[American Merchant Ships and Sailors by Willis J. Abbot]@TWC D-Link bookAmerican Merchant Ships and Sailors CHAPTER I 53/81
A smoky lamp swung on gimbals half-lighted the forecastle--an apartment which, in a craft of scant 400 tons, did not afford commodious quarters for a crew of perhaps a score, with their sea chests and bags.
The condition of the fetid hole at the beginning of the voyage, with four or five apprentices or green hands deathly sick, the hardened seamen puffing out clouds of tobacco smoke, and perhaps all redolent of rum, was enough to disenchant the most ardent lover of the sea.
The food, bad enough in all ages of seafaring, was, in the early days of our merchant marine, too often barely fit to keep life in men's bodies.
The unceasing round of salt pork, stale beef, "duff," "lobscouse," doubtful coffee sweetened with molasses, and water, stale, lukewarm, and tasting vilely of the hogshead in which it had been stored, required sturdy appetites to make it even tolerable.

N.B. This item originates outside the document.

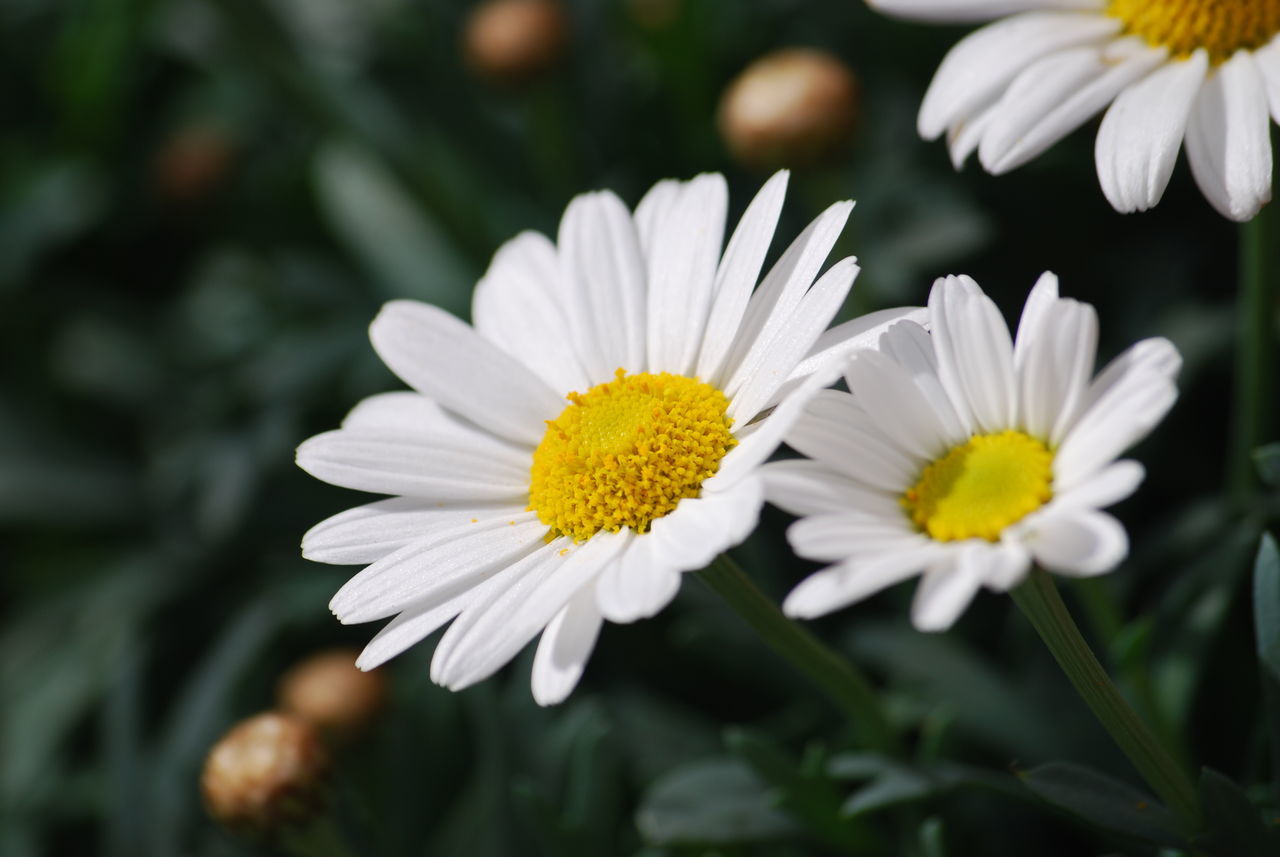 Daisys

Even in later days Frank T.Bullen was able to write: "I have often seen the men break up a couple of biscuits into a pot of coffee for their breakfast, and after letting it stand a minute or two, skim off the accumulated scum of vermin from the top--maggots, weevils, etc--to the extent of a couple of tablespoonsful, before they could shovel the mess into their craving stomachs." It may be justly doubted whether history has ever known a race of men so hardy, so self-reliant, so adaptable to the most complex situations, so determined to compel success, and so resigned in the presence of inevitable failure, as the early American sea captains.